Abstract:
A live roller accumulator conveyor has a plurality of zones between its inlet and discharge ends which are arranged in groups. Each zone has a sensor which reacts to the presence of an article therein by deactuating the drive for the adjacent upstream zone in order to provide for accumulation of multiple articles on the conveyor. When the accumulated articles are to be discharged, however, these controls are overriden so that when the zone immediately downstream from a group of zones is cleared, the drives for all of the zones of the next upstream group are actuated simultaneously so that all of the group of articles accumulated therein advance in unison.

Description:
RELATED APPLICATION 
     This application is a continuation of application Ser. No. 119,817, filed Feb. 8, 1980, and now abandoned. 
    
    
     BACKGROUND OF THE INVENTION 
     A live roller accumulator conveyor commonly includes a plurality of zones along the length of the conveyor from the infeed to the discharge end thereof, with each zone including powered rollers adapted to receive an article from an immediately upstream zone and deliver it to an immediately downstream zone. A sensor associated with each zone responds, under normal conditions, to the presence of an article stopped therein by rendering inoperative the powered rollers in the zone immediately upstream therefrom. 
     In this manner, articles can back up from the discharge end toward the infeed end of the conveyor when a lead article is stopped in the discharge zone. The zones are successively deadened, i.e., the powered rollers therein are successively rendered inoperative, from the discharge end to the infeed end as successive articles are stopped in successive zones upstream from the discharge end. Once the article at the discharge end is removed, the zones are reactivated to move the articles along the conveyor again. Such conveyors, wherein the zones can be activated in sequence, are shown in Vogt et al U.S. Pat. No. 4,108,303 and Vogt U.S. Pat. No. 4,109,783. 

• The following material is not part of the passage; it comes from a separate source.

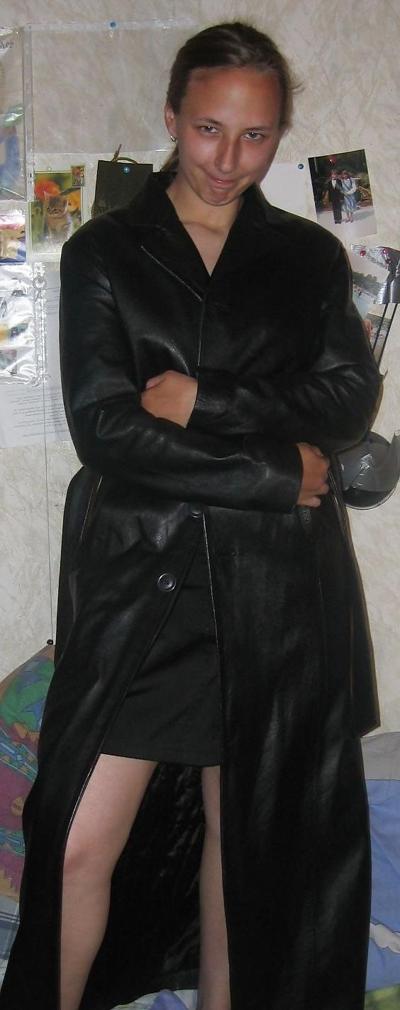6P My first kinky girlfriend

     When it is desired to discharge accumulated articles from a conveyor as shown in the Vogt et al patent, each successive article must vacate the particular zone wherein it had stopped before the article stopped in the next zone upstream therefrom will begin to move. Thus although a plurality of articles may be moving at the same time, adjacent articles will be separated by a distance substantially equal to the length of a zone. The purpose of the present invention is to provide an accumulator conveyor from which accumulated articles can be discharged in groups, with minimal spacing, if any, between the adjacent articles in each group. 

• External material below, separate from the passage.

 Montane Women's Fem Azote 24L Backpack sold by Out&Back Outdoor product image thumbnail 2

     SUMMARY OF THE INVENTION 
     This invention provides an accumulator conveyor in which, when an article stopped at the discharge end has been removed, all of the zones in a group of consecutive zones adjacent the discharge end are activated in unison so that articles in all the zones of the group are caused to advance in unison and without waiting for the clearance of individual downstream zones. In a preferred embodiment of the invention, such an accumulator conveyor is provided with fluid operated controls which have valves arranged to cause actuation of zones of an entire group when the upstream zone of the adjacent downstream group is cleared. 
     Briefly, this invention provides an accumulator conveyor which includes a plurality of zones arranged in groups. Each zone includes at least one drive element, and a sensor located in each zone is effective, when that zone is unoccupied by an article, to actuate the drive unit for the zone immediately upstream therefrom, and vice versa. 
     In order to accomplish the objective of accelerated discharge of accumulated articles, the invention provides secondary controls--in the form of three-way valves and multiple pressure air lines--which interconnect selected numbers of successive zones into groups. When the accumulated articles are to be discharged, these secondary controls override the sensor-operated controls in such manner that even though all zones in the group may be occupied by articles, the drive rollers for the entire group of zones will be driven to cause all articles accumulated in the group of zones to start in unison toward the discharge end of the conveyor. Similarly as soon as the sensor in the most upstream zone of the group is released by a departing article, all zones in the adjacent upstream group are activated in unison, and so forth until all accumulated articles have been set in motion. 
    
    
     BRIEF DESCRIPTION OF THE DRAWINGS 
     FIG. 1 is a schematic view of the discharge end portion of a conveyor constructed in accordance with an embodiment of this invention, the conveyor being free of articles; 
     FIG. 1A is a schematic view of a portion of the conveyor upstream of the discharge end portion; 
     FIG. 2 is a schematic view of the discharge end portion of the conveyor as a first article enters the discharge end portion; 
     FIG. 3 is a schematic view of the discharge end portion with a first article engaging a stop at a discharge end of the conveyor; 
     FIG. 4 is a schematic view of the discharge end portion with the first article engaging the stop and a second article approaching the first article; 
     FIG. 5 is a schematic view of the discharge end portion with the first two articles stopped at the discharge end and a third article approaching the first two articles; 
     FIG. 6 is a schematic view of the discharge end portion with the first three articles stopped and a fourth article approaching the first three articles; 
     FIG. 7 is a schematic view of the discharge end portion with four articles stopped and a fifth article approaching the first four articles; 
     FIG. 8 is a schematic view of the discharge end portion with the first five articles stopped; 
     FIG. 9 is a schematic view of the discharge end portion with six articles stopped; 
     FIG. 10 is a schematic view of the discharge end portion with the first article starting to exit the conveyor; 
     FIG. 11 is a schematic view of the discharge end portion with the first article having substantially completed its exit and with the next four articles moving in unison toward exit; 
     FIG. 12 is a schematic view of the discharge end portion after the first article has exited and showing the next four articles continuing to move toward exit and a sixth article started in motion; 
     FIG. 13 is a schematic view of the discharge end portion showing a second article exiting and other articles approaching the discharge end of the conveyor. 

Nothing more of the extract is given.